• [PROVIDED ENTRIES]:
⟨

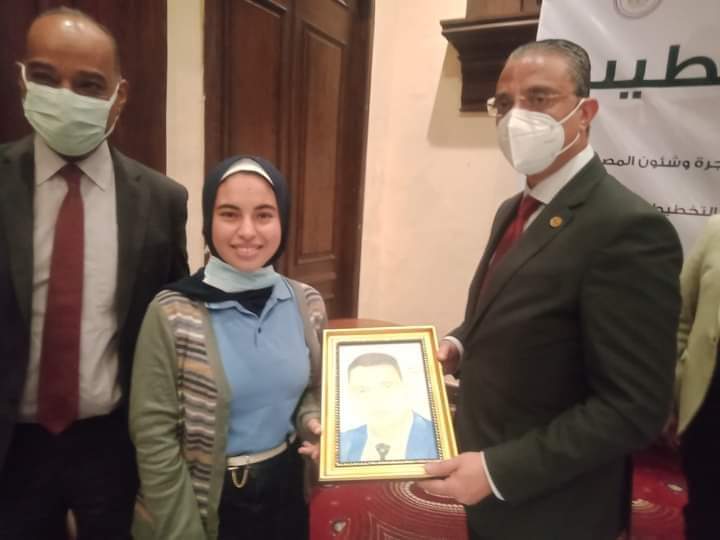 طالبة تُهدي محافظ الفيوم صورة من أعمالها خلال زيارته للمدرسة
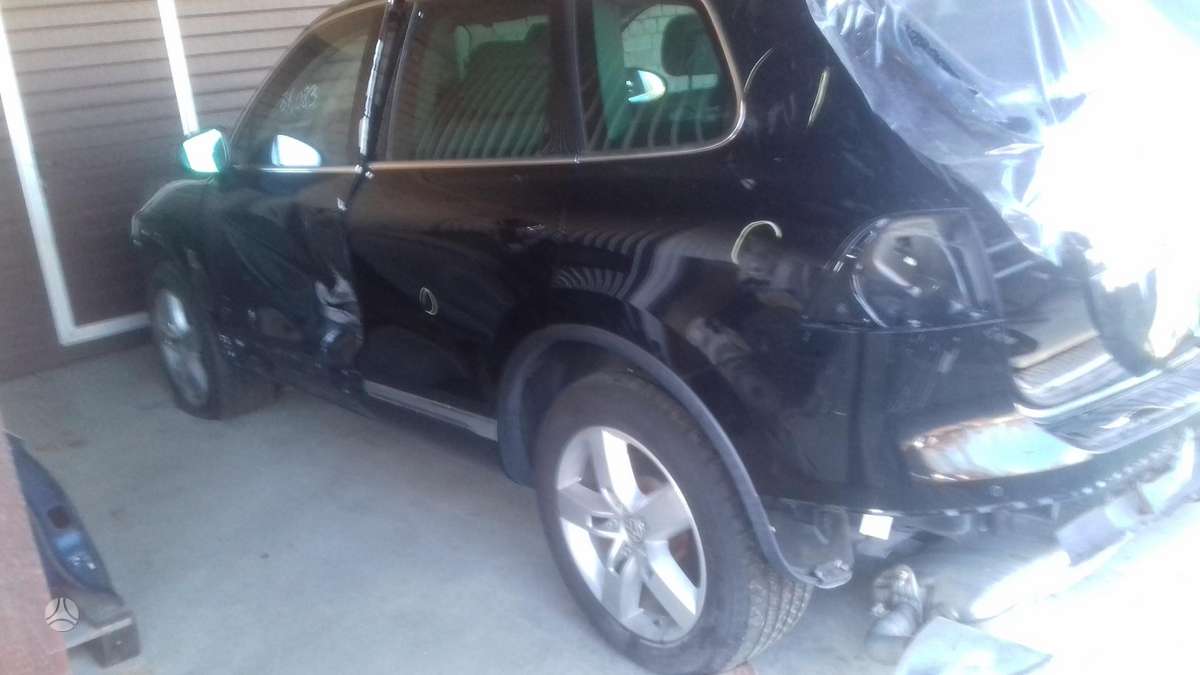 Volkswagen Touareg по частям. 70000km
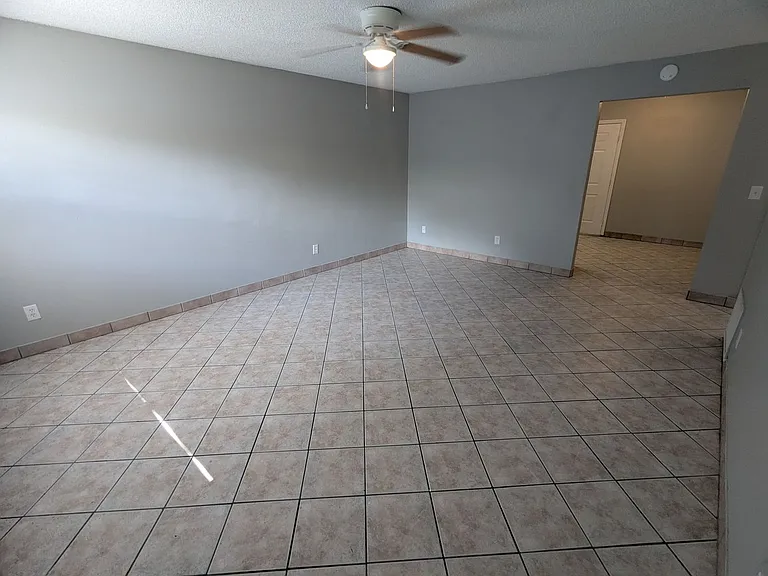 910 S Center St #6 — Photo 7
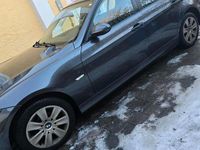 Gebraucht BMW 318 143 PS (105 kW) 2008 Grau Limousine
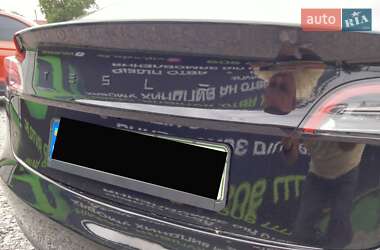 Седан Tesla Model 3 2023 в 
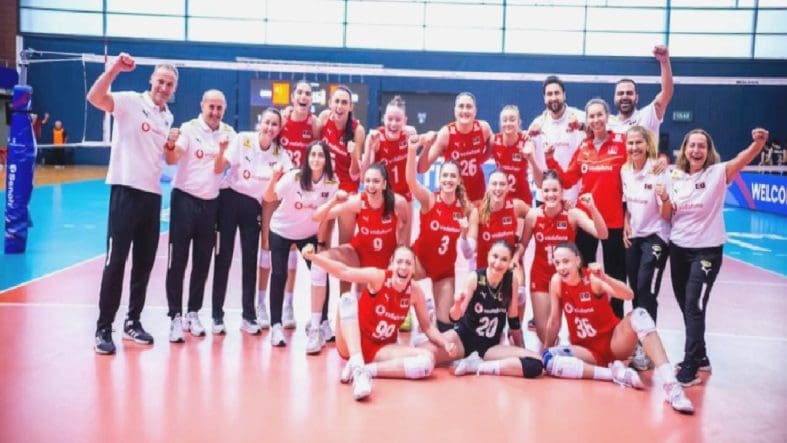 u19-kadin-voleybol-milli-takimi-yari-finalde-IVAYJ7N3.jpg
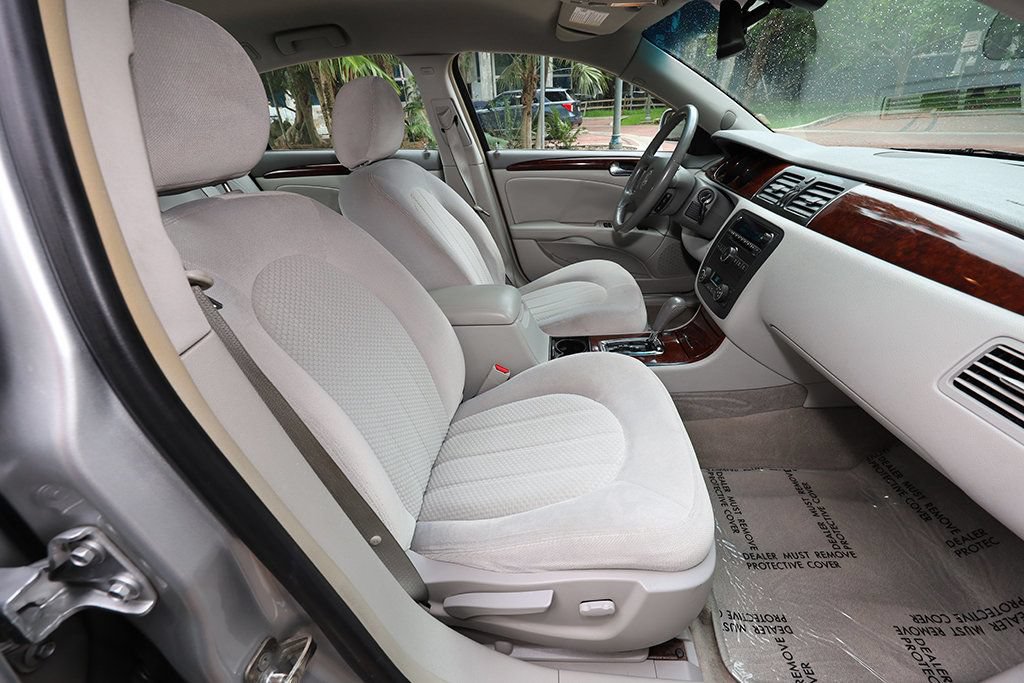 Used 2009 Buick Lucerne CX FWD image 27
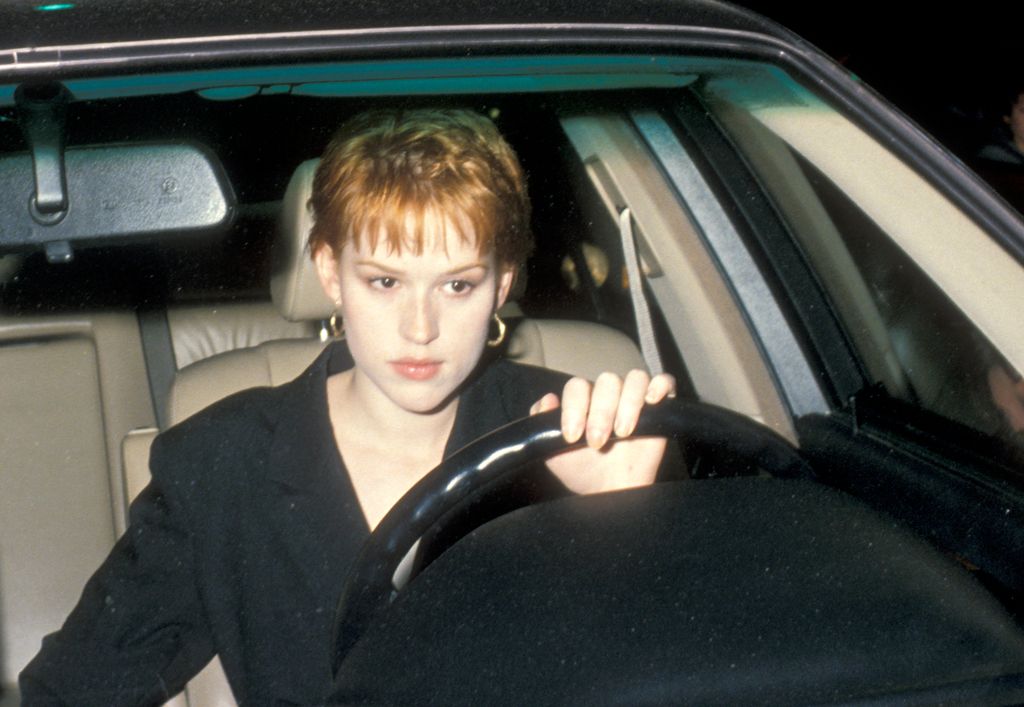 Molly ringwald driving car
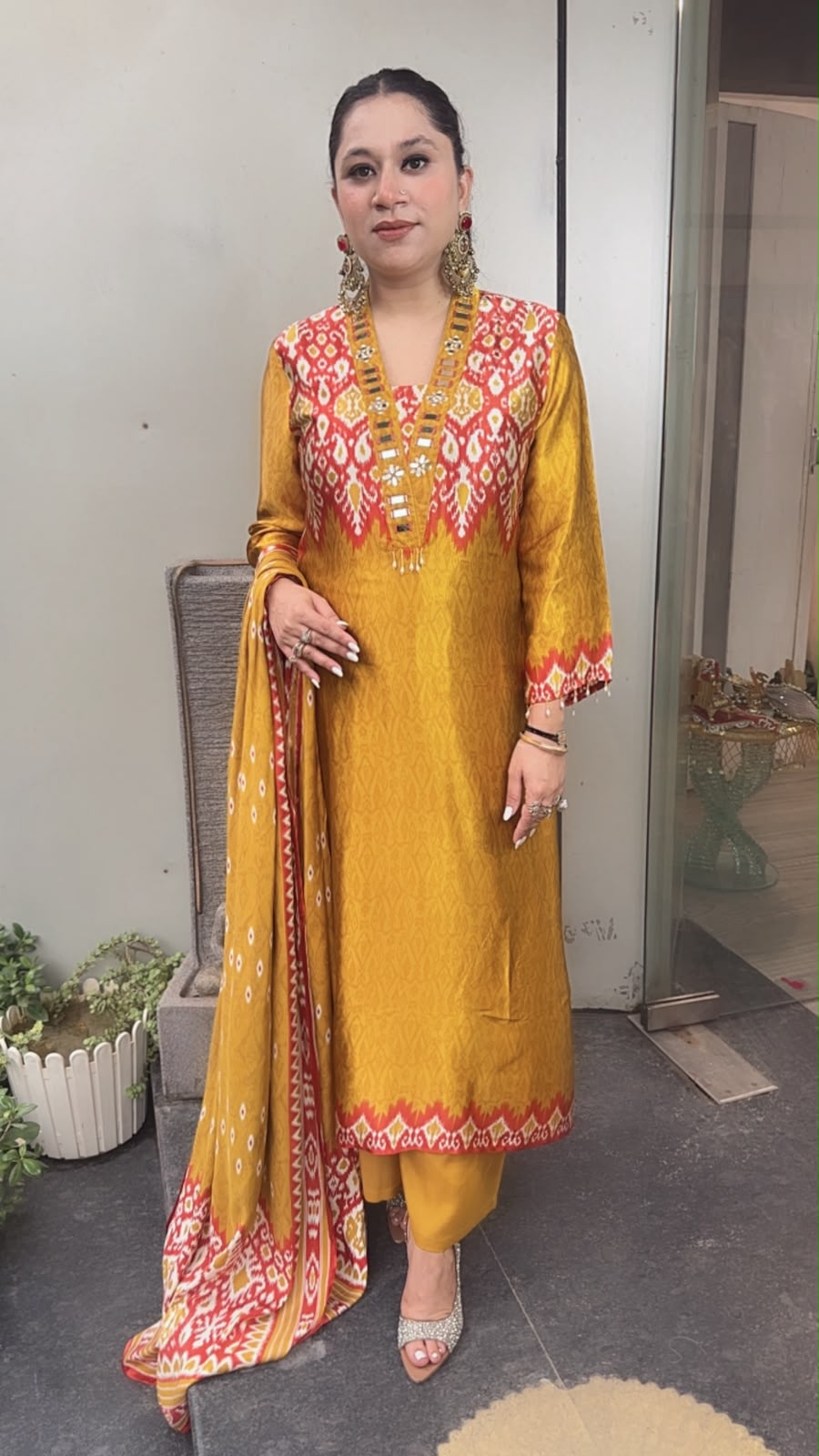 Teej Musturd Digital print Designer suit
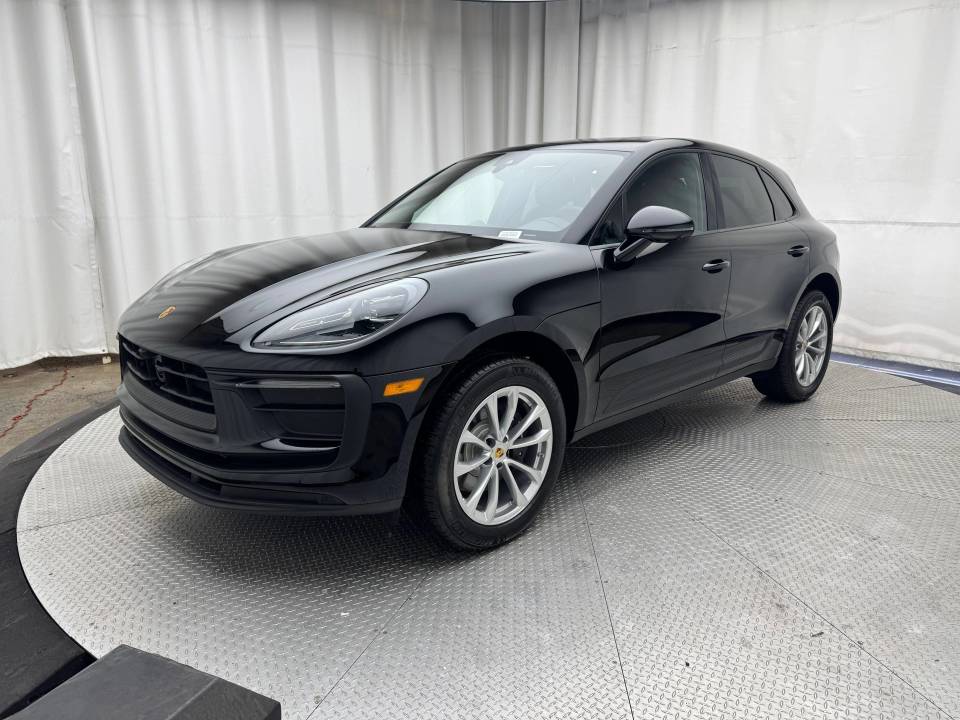 2026 Porsche Macan Base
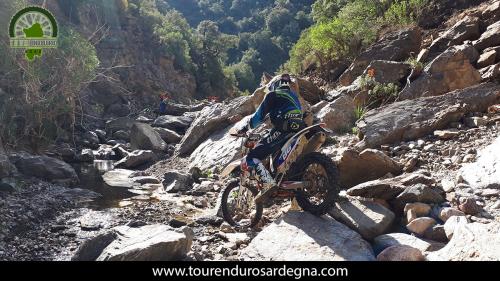 Uno dei passaggi impegnativi affrontati durante la risalita del fiume Uno dei passaggi impegnativi affrontati durante la risalita del fiume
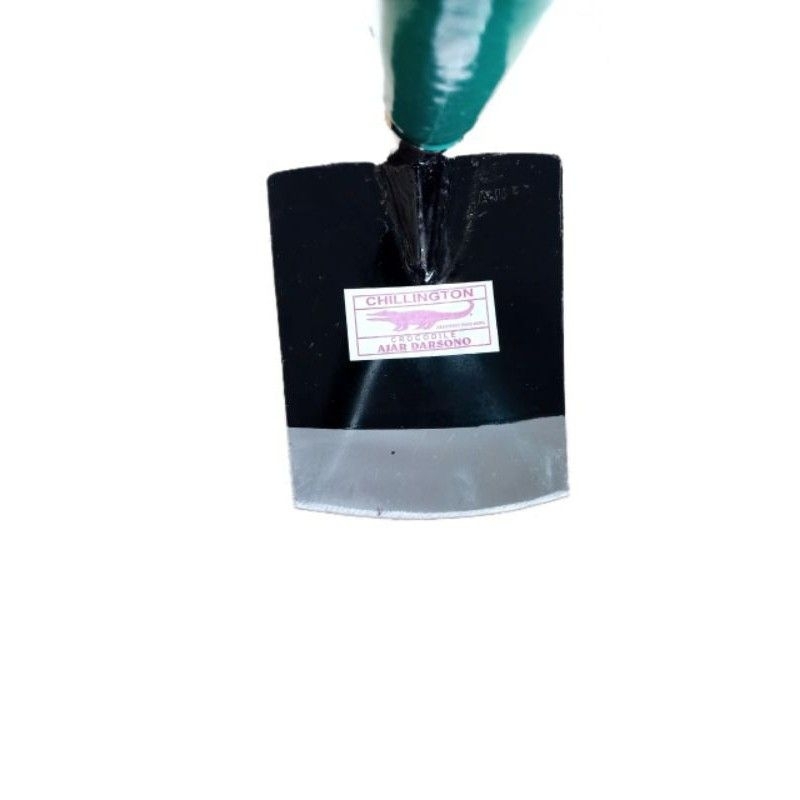 cangkul kecil/kored rumput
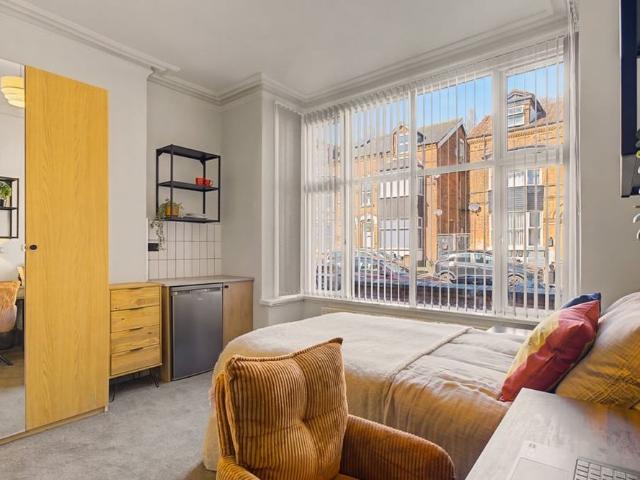 Room for rent in Ladywood, West Midlands
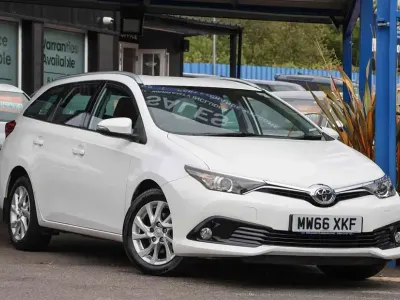 Used Toyota Auris Touring Sports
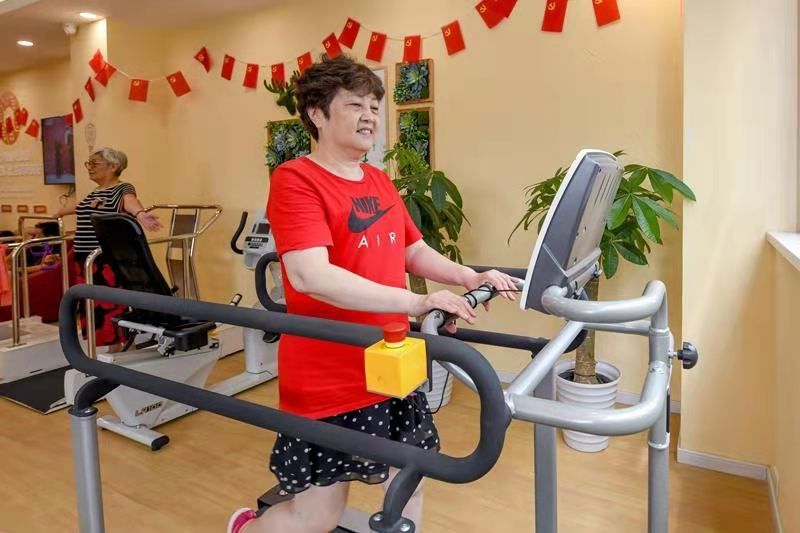 背街小巷“藏着”长者健身房，老人开启“夏练”新模式|夏日沁凉 | 老人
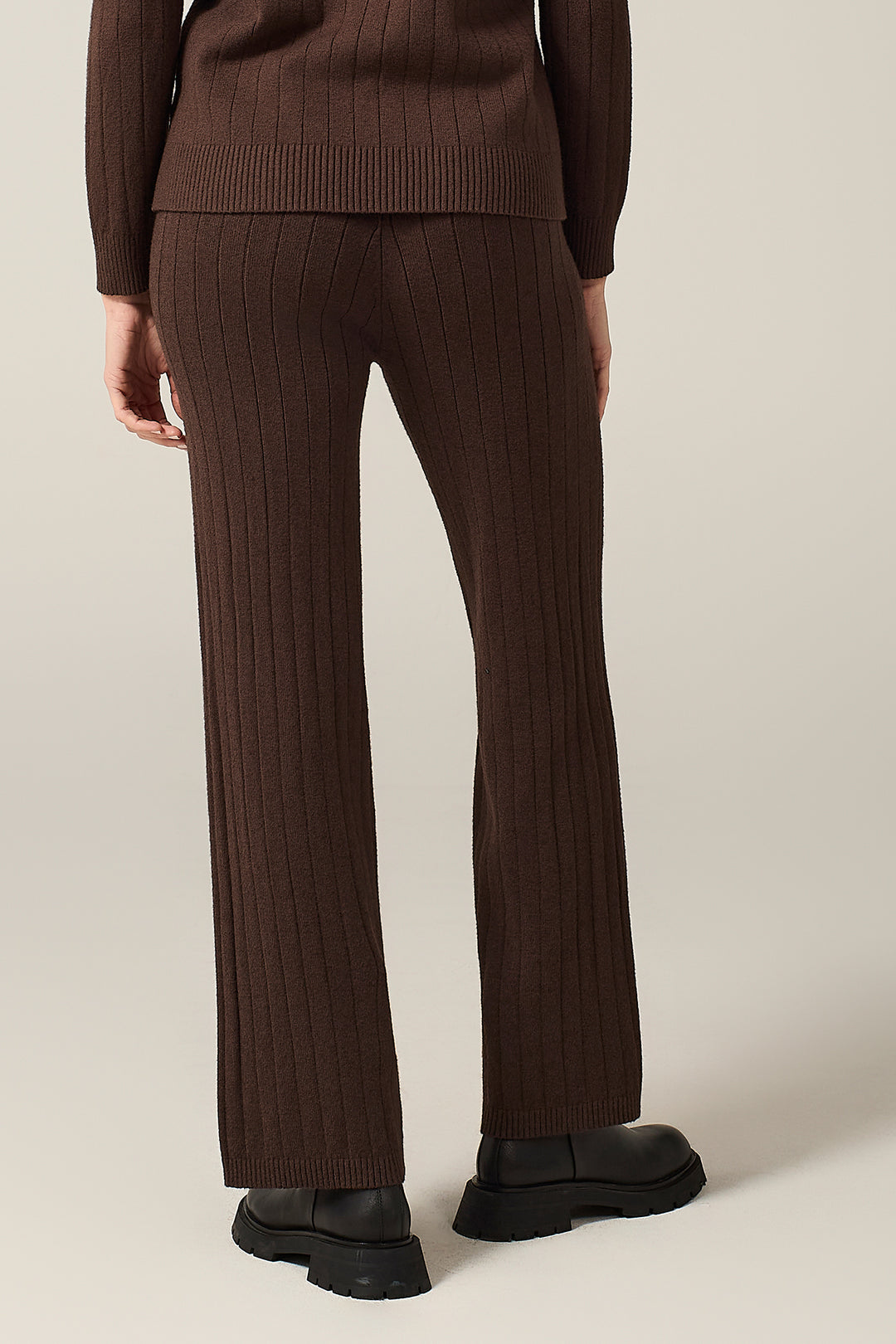 Pantalone jogger in maglieria a coste larghe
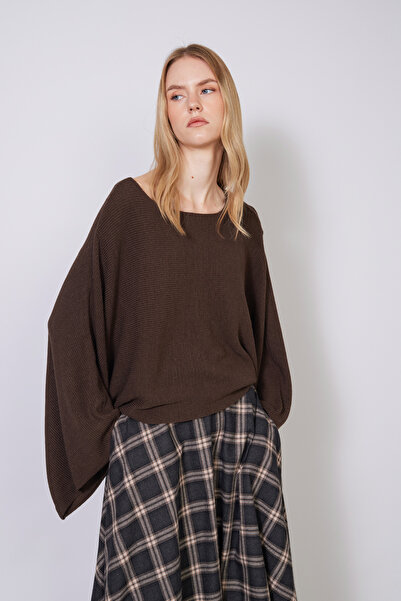 Nisan Bat Sleeve Boat Neck Tricot Cloak Brown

⟩

• [THE TASK]:
Go through the records and repeat each one exactly, skipping anything that is a picture.

• [TASK SOLUTION]:
 طالبة تُهدي محافظ الفيوم صورة من أعمالها خلال زيارته للمدرسة
 Volkswagen Touareg по частям. 70000km
 910 S Center St #6 — Photo 7
 Gebraucht BMW 318 143 PS (105 kW) 2008 Grau Limousine
 Седан Tesla Model 3 2023 в 
 u19-kadin-voleybol-milli-takimi-yari-finalde-IVAYJ7N3.jpg
 Used 2009 Buick Lucerne CX FWD image 27
 Molly ringwald driving car
 Teej Musturd Digital print Designer suit
 2026 Porsche Macan Base
 Uno dei passaggi impegnativi affrontati durante la risalita del fiume Uno dei passaggi impegnativi affrontati durante la risalita del fiume
 cangkul kecil/kored rumput
 Room for rent in Ladywood, West Midlands
 Used Toyota Auris Touring Sports
 背街小巷“藏着”长者健身房，老人开启“夏练”新模式|夏日沁凉 | 老人
 Pantalone jogger in maglieria a coste larghe
 Nisan Bat Sleeve Boat Neck Tricot Cloak Brown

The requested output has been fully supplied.